You will never get a properly dispassionate view on the issue from those of us in the football media — we all want the show to go on.

Sports journalism and broadcasting without any actual sport is soul- destroying. We learned that between March and June.

But we must recognise that many of those who don’t follow football find its continuation weird, even abhorrent.

Plenty of match-going fans aren’t that bothered either. For many, watching matches on TV in empty stadia is a pale imitation of the game they love.

Yet with the grim prospect of complete lockdown throughout the frozen wastelands of January and February, the chance to watch a match is some small consolation for millions.

Football’s in a mess and hasn’t helped itself.
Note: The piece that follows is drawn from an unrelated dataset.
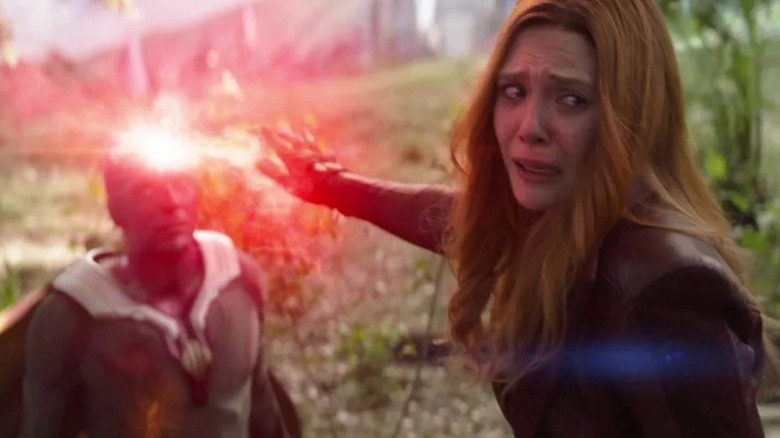 Scarlet Witch destroys Mind Stone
But it remains something for many to cling to, even in desperate times.

IT IS a regular phenomenon at Christmas, rather than a specific Covid thing, but entertainment value in the last round of Premier League matches was desperately poor.

Besides West Brom, guided by Sam Allardyce, v Leeds there were just seven goals in seven games and too many players with tired minds and bodies.

In a ‘normal’ season, there could be one fewer round of matches over the festive season, with fixtures staggered out to satisfy TV, but with quality valued over quantity.

CHELSEA have one win in six games. Their £70million summer signing Kai Havertz has shown no signs of settling, while £48m Timo Werner is bombing after a promising start.

It is unclear whether boss Frank Lampard knows how to effectively employ either man.

Lose to Manchester City on Sunday and they will be sinking into mid-table.

After a summer spend of over £220m, that is simply not good enough.